Research Team Status
- Perry Alexander, Principal Investigator
- Adam Petz, Member Technical Staff
- Sarah Johnson, PhD Student
- Will Thomas, PhD Student
Project Goals
Our current goals include exploration of Galois Connection models of evidence; exploring semantics of the remote attestation flexible mechanisms; and developing orderings over protocols.
Galois Connections have long been used as a model for abstraction in static analysis. They provide a semantics for modeling when an abstraction from a concrete domain to a abstract domain maintains the semantics of the property being modeled. Sound abstractions are critical for developing measurements that produce evidence from attestation targets. This work is critical to our understanding of evidence and evidence over time. We are doing all our exploration in Coq allowing automation and integration with our work examining protocol ordering.
The flexible mechanisms form the heart of our attempts to scale runtime remote attestation to larger systems. The flexible mechanisms represent common idioms for attestation and while useful, they are currently organized in an ad hoc fashion. We are working on a ontology for flexible mechanisms that will define a base set of building blocks and canonical mechanisms for assembling and scaling out attestation environments.

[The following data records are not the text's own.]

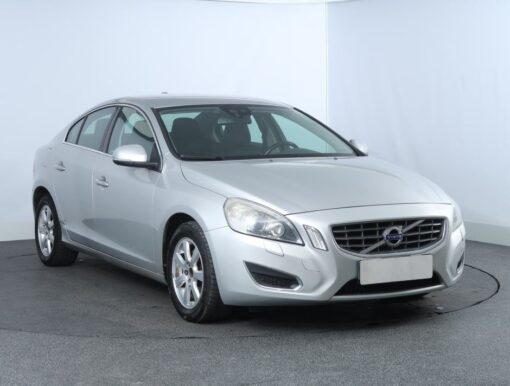 Used Volvo S60 2010 D3 237,140 km | AAA Auto Export
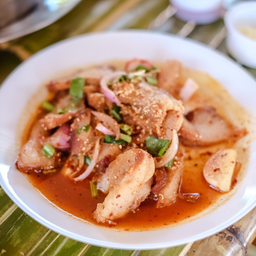 น้ำตกคอหมู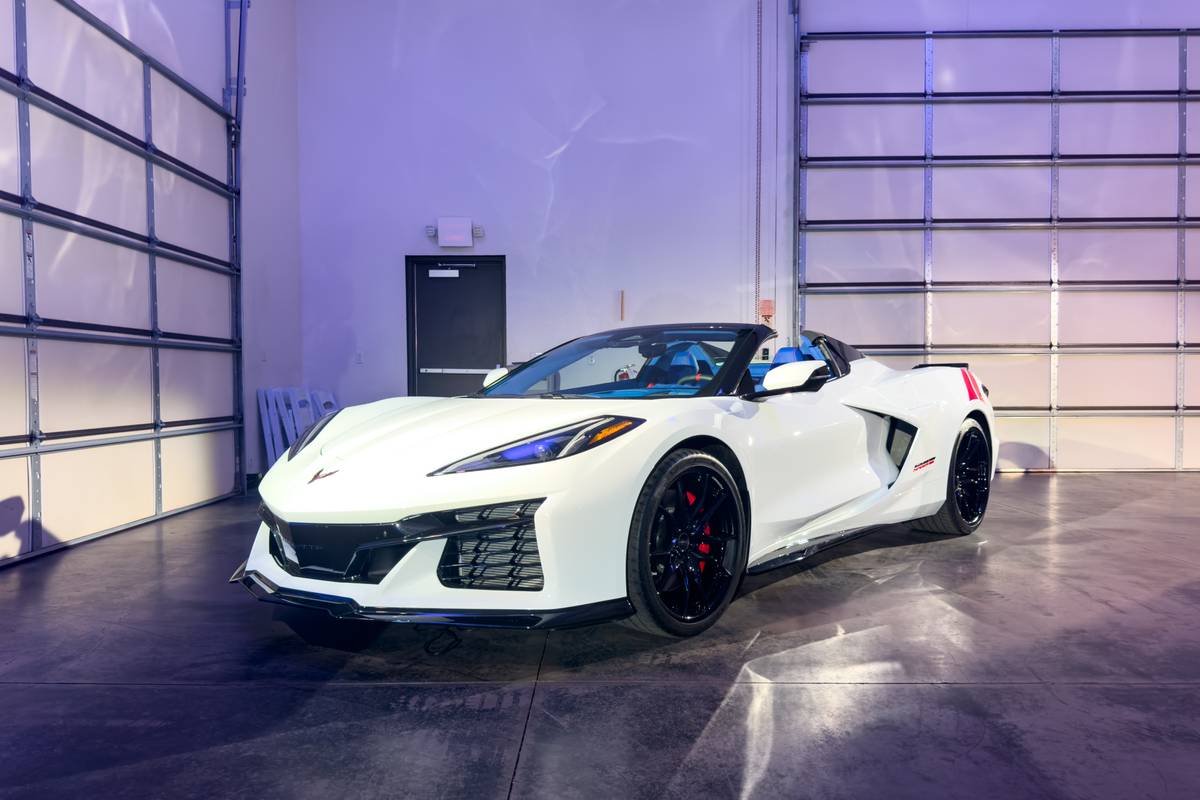 chevrolet grand sport 2027 17 exterior front angle jpg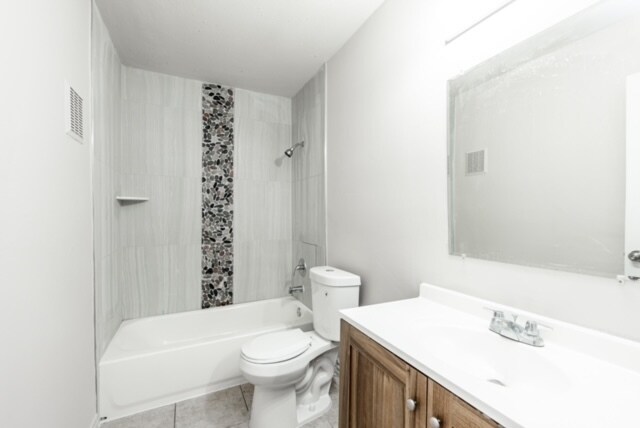 Building Photo - 9797 Leawood Blvd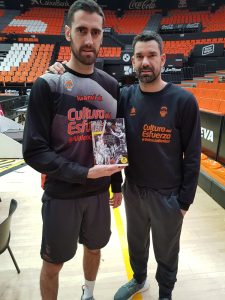Rafa Martínez y Sastre, nuevos narradores en 3ª ed. ampliada Historia del baloncesto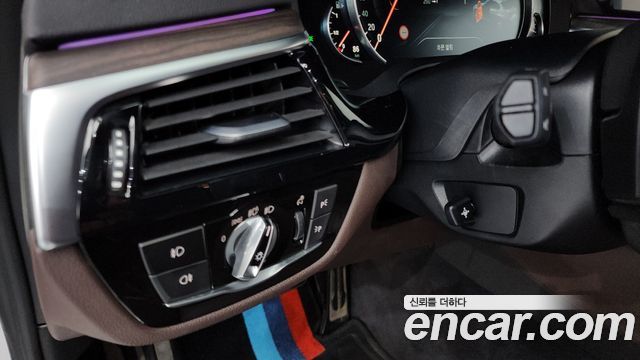 BMW 5-Series 530i xDrive M Sport Package Plus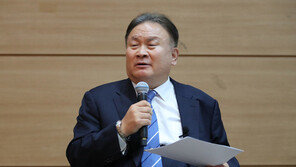 이상민 “‘내가 배신자? 웃어버려야지…지금 문자폭탄 욕 바가지로 먹고 있어”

Protocol ordering is a mechanism for determining when one attestation protocol constrains an adversary more than another. It is used to select from among numerous protocols available for an attestation request. Our approach is based on collecting attack graphs allowed by a protocol and using a pre-order to select a "best" protocol for a given situation based on that set. We assume that an attacker chooses the easiest attack to perform and use that attack in a set to rank the associated protocol.
Accomplishments
This is our initial report, thus no formal milestones were defined for this period. Milestones for next period include:
- Refinement of protocol ordering and Galois Connection models
- Progress towards flexible mechanism taxonomy and attestation adversary modeling
Contributions to foundation cybersecurity research include completion of initial protocol ordering research. We defined a mechanism for determining when one attestation protocol constrains an adversary more than another. The approach is based on generating attack graphs associated with protocol using MITRE's CHASE tool and defining a pre-order over those graphs. This work will be submitted to _Formal Methods 2024_ next month and is the topic of Anna Fritz's recently defended PhD Dissertation.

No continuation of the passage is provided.